仕事の合間や、誰かと話したあとに、小さな引っかかりが残ることがある。大きな怒りではない。誰かを責めたいわけでもない。ただ、少しだけ腑に落ちない感覚が、胸のあたりに残っている。
長いあいだ、私はそれをすぐに片づけてきた。気にしすぎだ、と。大したことじゃない、と。自分が少し我慢すれば、それで済むことだ、と。たしかに、そうやって流してしまえば、その場はおだやかに過ぎていく。引っかかりは、言葉になる前に消えていく。
でも、いつからか、少し違うふうに思うようになった。あの小さな不快感は、ただ邪魔なものだったのだろうか。消してしまうべき、余計なノイズだったのだろうか。
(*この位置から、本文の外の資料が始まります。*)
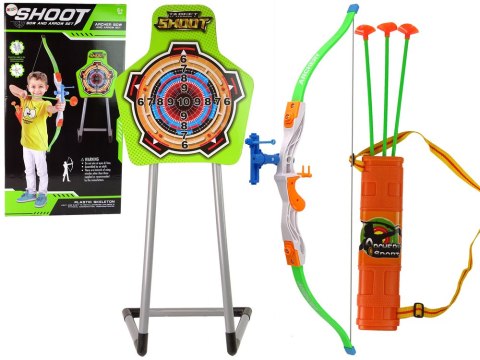 LEAN Toys Zestaw Strzelecki Łuk Tarcza Kołczan Strzały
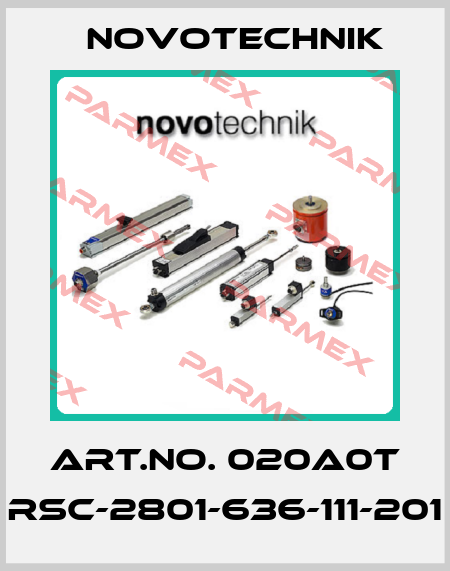 ART.NO. 020A0T RSC-2801-636-111-201 Novotechnik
今は、こんなふうに思っている。腑に落ちないという感覚は、まだ言葉になっていない、何かの知らせなのかもしれない。すぐに消そうとせず、ほんの少しだけそばに置いてみると、その奥に、自分でも気づいていなかったものが見えてくることがある。
何が起きたのだろう。そのとき、自分は何を感じていたのだろう。怒りなのか、寂しさなのか、うまく名前のつかない感じなのか。そして――本当は、何を大切にしたかったのだろう。何があれば、もう少し腑に落ちていたのか。これから先、その感覚を、自分はどう扱っていきたいのか。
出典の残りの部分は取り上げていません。